6. A sample observation system, the system comprising: a scanning electron microscope, a vacuum atmosphere treatment device and a sample; wherein,

the bottom of a lens barrel of the scanning electron microscope is fixedly connected with the top of the vacuum atmosphere processing device;

the sample is placed at a first distance from the bottom of the vacuum atmosphere treatment device;

the vacuum atmosphere treatment device is of an axisymmetric structure, and comprises the following components from a central shaft to the outside in sequence: the central channel, a first air exhaust channel connected with an external first air exhaust system, an air supply chamber connected with the external air supply system and a second air exhaust chamber connected with an external second air exhaust system;

a pressure difference diaphragm is arranged at the outlet of the central channel and is used for maintaining the pressure difference between the central channel and the external environment and enabling an electron beam generated by the scanning electron microscope to be emitted from the central channel and then irradiate on a sample to be measured;

the first air exhaust channel is communicated with the central channel and is used for exhausting air to the central channel;

the bottom end of the air supply chamber is provided with a first air outlet, the top end of the air supply chamber is connected with an air supply channel, and the air supply channel supplies air to the area between the vacuum atmosphere processing device and the sample through the air supply chamber;

and the top end of the second pumping cavity is connected with a second pumping channel, and the second pumping channel pumps air to the area between the vacuum atmosphere processing device and the sample through the pumping cavity.

7. The system according to claim 6, wherein the bottom of the lens barrel of the scanning electron microscope is connected with the top of the vacuum atmosphere processing device through a bolt, and is sealed by a sealing device.

8. System according to claim 6 or 7, characterized in that the pressure value of the central channel is less than 10^-1And the length of the central channel is less than 100 mm.

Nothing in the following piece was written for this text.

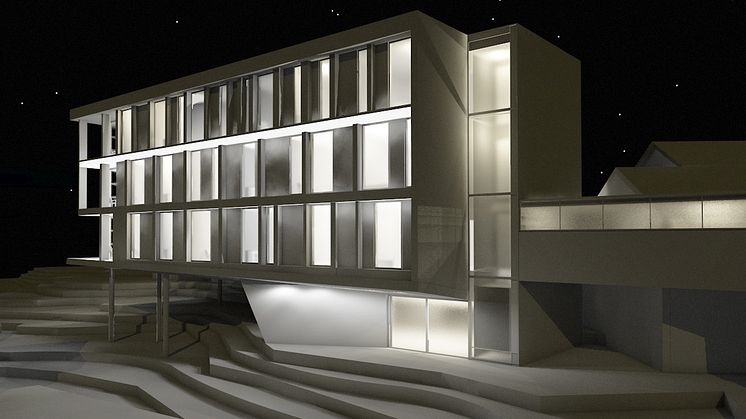 Rorbuhotell, Lovund. Valrygg Architecture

9. A system according to claim 6 or 7, wherein the passage openings at the bottom of the gas supply chamber and the bottom of the second gas extraction chamber are in the shape of an array of holes or a ring.

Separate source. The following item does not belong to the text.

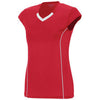 Augusta Blash Short Sleeve Jersey (W) (Red)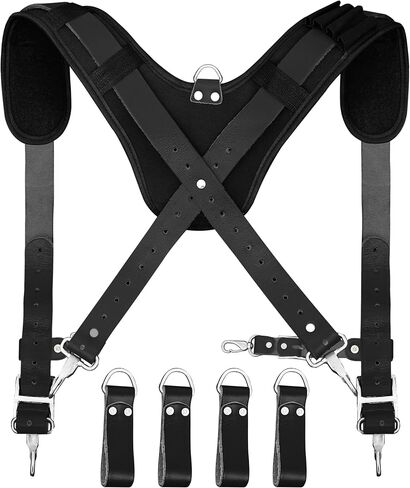 FUERI Tool Belt Suspenders for Men Heavy Duty Bags Construction Carpenter Tools Electricians Framers in Kuwait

10. The system according to claim 6 or 7, wherein the gas supplied by the vacuum atmosphere treatment device is a pure gas or a mixed gas.

11. The system of claim 6 or 7, further comprising, between the first pumping channel and the gas supply chamber: and the top end of the third pumping cavity is connected with a third pumping channel and is used for pumping the area between the device and the sample to be tested.

12. The system according to claim 6 or 7, characterized in that it further comprises at least one probe, which is positioned below the central channel and is embedded in the bottom of the vacuum atmosphere treatment device, or which is placed inside the central channel.

13. The system according to claim 6 or 7, further comprising a displacement stage connected to the sample for adjusting a first distance between the sample and the vacuum atmosphere processing device.

14. The system of claim 6 or 7, further comprising a height adjustment device coupled to the scanning electron microscope for adjusting a height of the scanning electron microscope.